Came alive on March 31, 2020
Most courses on reinforcement learning include some mention of "N-Armed Bandit problems" since they are a relatively easy exercise to start off with. As simple as they may be, they do help in developing "mental constructs" that help you reason about the bigger, more complete reinforcement learning problem down the line. They even have cool applications like choosing what advertisement to display to a user, so that they might click on it.
A slot machine in a casino could be described as a "one armed bandit", since it has one arm ("the lever"), and usually ends up taking your money. Now, an "N-armed bandit" could be thought of as N different slot machines each with a different "average payout" value. "Machine i" might give you 10 dollars on average, and "Machine j" might give you 3 dollars on average in the long run.
Simply put, your task is to find the slot machine that'll give you the most payout / "reward" in the long run. During any "game" you get to choose a machine whose lever you'd like to pull. The problem at hand is "non-stationary", which is just a fancy way of saying each slot machine keeps giving the same "average reward" that it was programmed to. The reward distribution across the N slot machines remains the same, irrespective of the number of games you play. There is no notion of a state, just actions, since the agent is perpetually in the same state. Our "agent" who plays this game does not know the average payouts for the machines, so it must find the optimal machine through its actions across all the games.
So let's make our own N armed bandit, each of which has an "average reward" ranging from 0 to 10. Here I've decided to go with 10 machines. Simply click on the green "Generate Bandit" button to create your very own 10 armed bandit! The bar highlighted in green, is the slot machine with the highest payout. This is the ideal slot machine that we would like our agent to keep using every game.
In the following interactive tool, you'll get to use 2 different exploration strategies for your agent. One way would be to choose the lever with the maximum reward you have seen so far.

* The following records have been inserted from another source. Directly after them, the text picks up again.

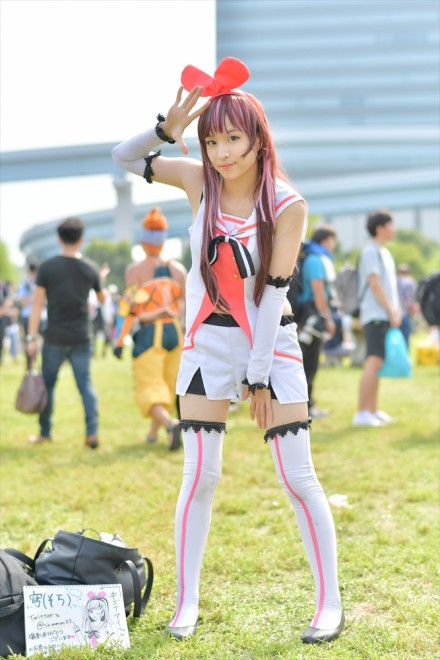 �w�R�~�P94�iC94�j�x�R�X�v���C���[�E�u(����)����<br>�i�w�o�[�`����YouTuber�x�L�Y�i�A�C�j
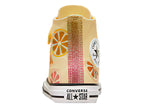 Tenis Converse A07406 Para Niña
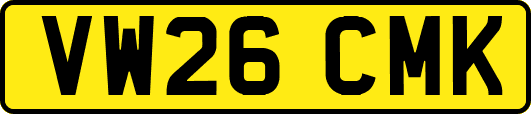 VW26CMK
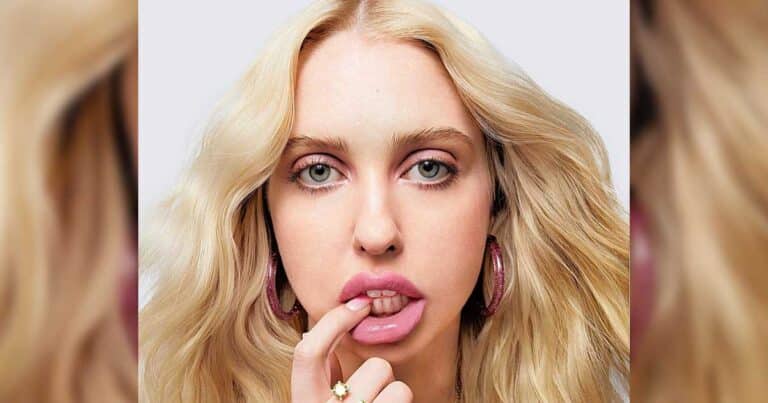 'Euphoria' 's Chloe Cherry Says It's 'Crazy' How Many People Comment on Her 'Lips Being So Big'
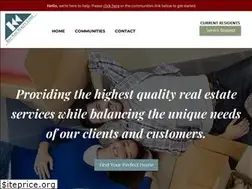 Sites similar to kaykayrealty.com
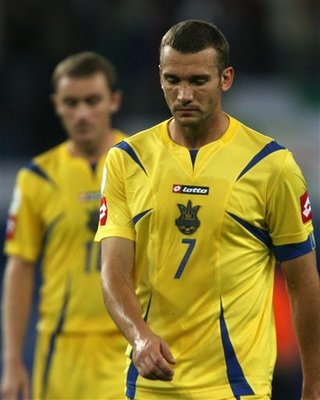 shevchenko
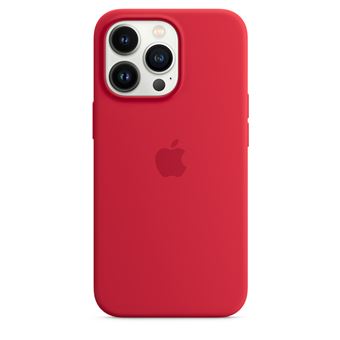 product red iphone 13 case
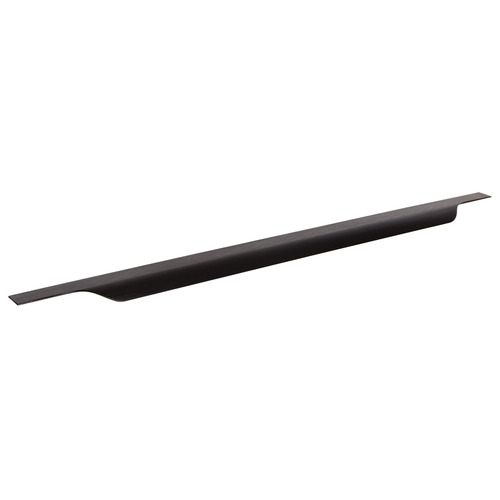 Vector Aluminium Lip Cabinet Handle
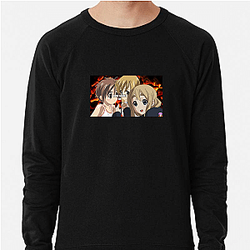 Boku Spirit Boku No Pico Sweatshirts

However, this almost always ends up in a suboptimal lever, since the agent is biased towards the first lever that it pulls in the very first game. It doesn't care to explore other options, because it sticks to the best lever it has seen so far, that is, the first lever it ever chose. That is why the agent's reward estimate for the other "arms" / "actions" do not develop over time.
If however, we take a risk and randomly explore other levers once in a while (say 20% of the games), then mathematically speaking, our agent's reward estimate will get really close to the actual reward distribution if it plays enough games. Using such a strategy, you might discover that another action that was previously undiscovered actually gives you a better reward. Or it could be the case that your previous estimate of the value of that action was low, because it gave you a low payout, because the agent hasn't sampled that action enough times or simply by random chance (remember that a $5 slot machine gives you an "average" of 5 dollars, it probably wouldn't give you exactly $5 every time you choose that machine).
This latter strategy is known as "epsilon-greedy exploration", since you explore with a probability of "epsilon" once in a while.
If you chose the greedy strategy, then each time you click on "Train Agent", you see that the agent locks into one option (in the second plot above). The very first action that the agent chooses would be the action that the agent locks into. It is therefore, biased by its initial choice.
If however, you choose the epsilon greedy strategy, the agent consistently converges to the optimal action for reasons we've talked about before. Moreover, it succeeds at consistently finding the lever with the maximum payout across different training sessions.
Hopefully, you've now gained a bit more intuition about the simple, yet powerful concept of bandits in RL!